EXERCISE DATA section start

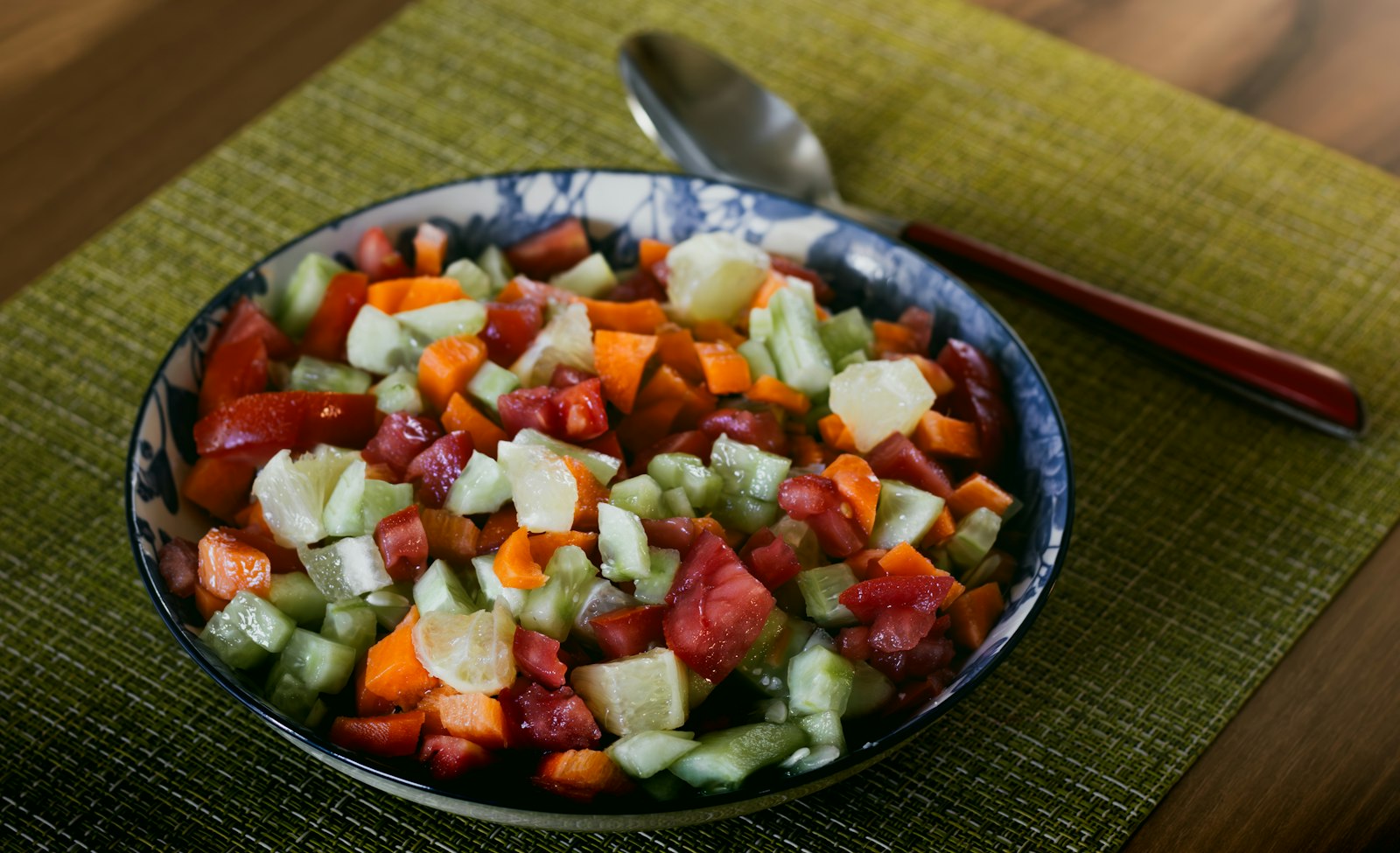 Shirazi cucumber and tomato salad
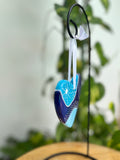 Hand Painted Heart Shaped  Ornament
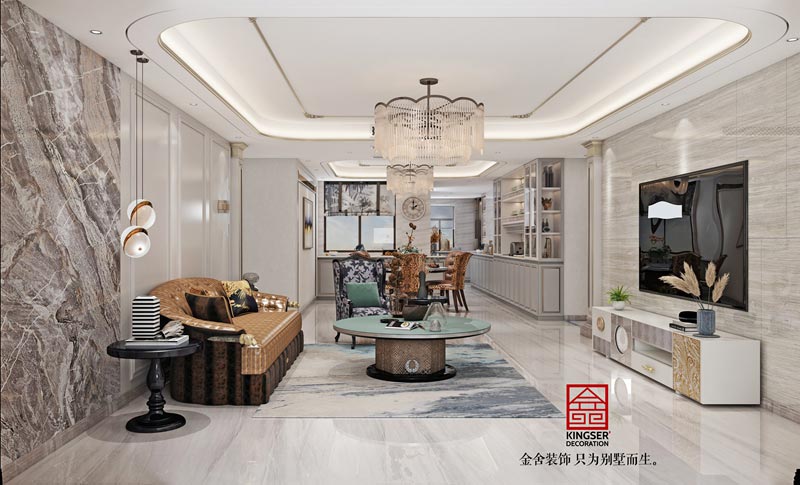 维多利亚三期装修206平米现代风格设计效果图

EXERCISE DATA section end

TASK BRIEF
With the pictures omitted, the material is to be transcribed exactly.

RESPONSE TO THIS EXERCISE
 Shirazi cucumber and tomato salad
 Hand Painted Heart Shaped  Ornament
 维多利亚三期装修206平米现代风格设计效果图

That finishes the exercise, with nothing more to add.